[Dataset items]
===

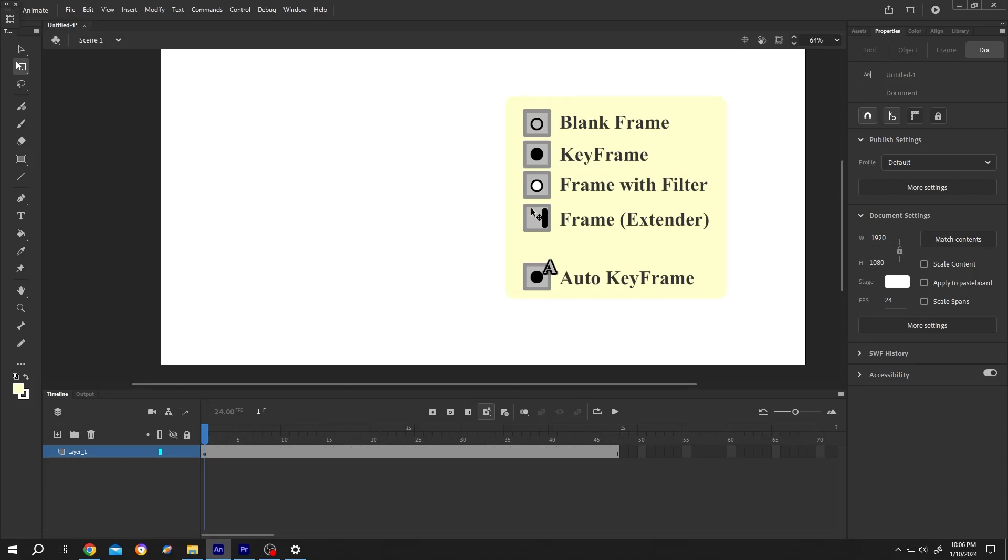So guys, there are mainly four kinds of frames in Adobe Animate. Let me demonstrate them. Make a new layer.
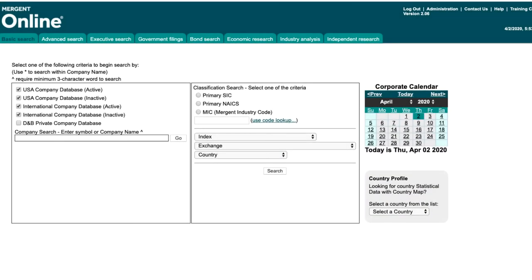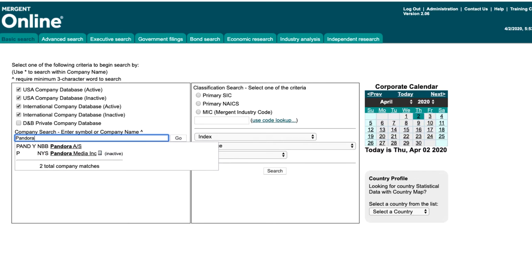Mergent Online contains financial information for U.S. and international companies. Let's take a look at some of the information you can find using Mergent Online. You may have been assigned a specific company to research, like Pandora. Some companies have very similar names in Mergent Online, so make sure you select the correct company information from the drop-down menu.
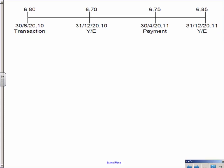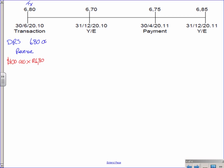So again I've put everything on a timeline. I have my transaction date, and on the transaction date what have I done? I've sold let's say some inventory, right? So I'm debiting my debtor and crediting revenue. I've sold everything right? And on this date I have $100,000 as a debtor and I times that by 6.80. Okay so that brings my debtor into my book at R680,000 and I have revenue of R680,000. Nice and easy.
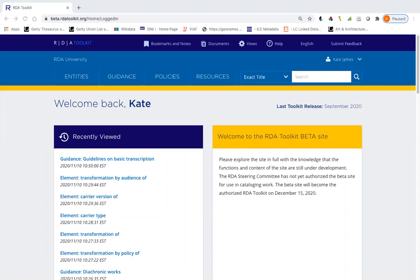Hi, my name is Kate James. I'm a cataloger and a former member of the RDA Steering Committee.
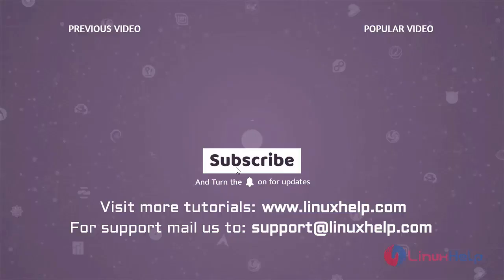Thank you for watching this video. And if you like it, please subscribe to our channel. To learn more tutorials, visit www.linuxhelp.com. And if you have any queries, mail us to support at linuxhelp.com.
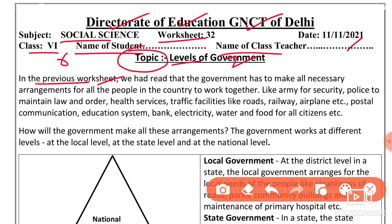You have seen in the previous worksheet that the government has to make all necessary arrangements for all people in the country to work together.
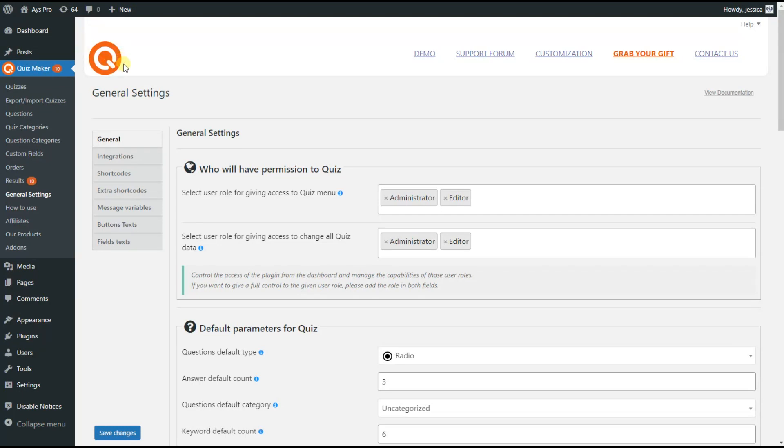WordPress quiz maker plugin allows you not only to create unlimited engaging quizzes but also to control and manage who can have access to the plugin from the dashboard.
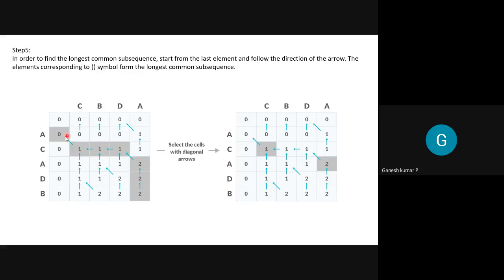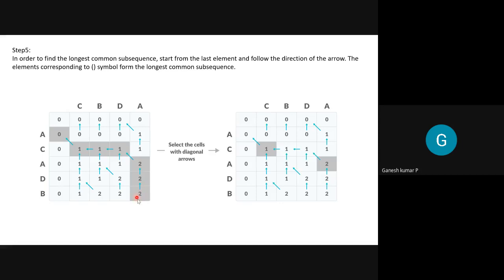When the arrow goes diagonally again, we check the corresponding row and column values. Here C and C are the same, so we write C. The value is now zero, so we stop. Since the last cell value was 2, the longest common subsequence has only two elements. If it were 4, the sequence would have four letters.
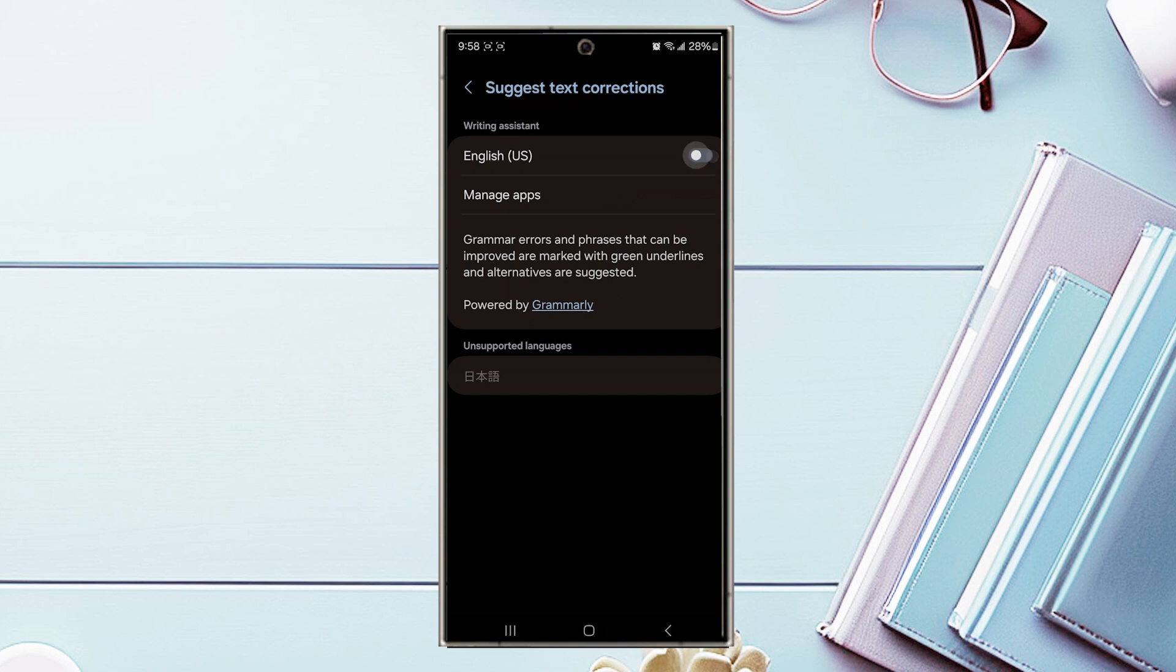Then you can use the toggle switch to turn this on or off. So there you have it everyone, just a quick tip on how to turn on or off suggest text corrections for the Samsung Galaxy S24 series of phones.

===

Pictures aside, print exactly the lines above starting with the one containing "Mergent Online contains" and going on through the one containing "WordPress quiz maker".

Mergent Online contains financial information for U.S. and international companies. Let's take a look at some of the information you can find using Mergent Online. You may have been assigned a specific company to research, like Pandora. Some companies have very similar names in Mergent Online, so make sure you select the correct company information from the drop-down menu.
So again I've put everything on a timeline. I have my transaction date, and on the transaction date what have I done? I've sold let's say some inventory, right? So I'm debiting my debtor and crediting revenue. I've sold everything right? And on this date I have $100,000 as a debtor and I times that by 6.80. Okay so that brings my debtor into my book at R680,000 and I have revenue of R680,000. Nice and easy.
Hi, my name is Kate James. I'm a cataloger and a former member of the RDA Steering Committee.
Thank you for watching this video. And if you like it, please subscribe to our channel. To learn more tutorials, visit www.linuxhelp.com. And if you have any queries, mail us to support at linuxhelp.com.
You have seen in the previous worksheet that the government has to make all necessary arrangements for all people in the country to work together.
WordPress quiz maker plugin allows you not only to create unlimited engaging quizzes but also to control and manage who can have access to the plugin from the dashboard.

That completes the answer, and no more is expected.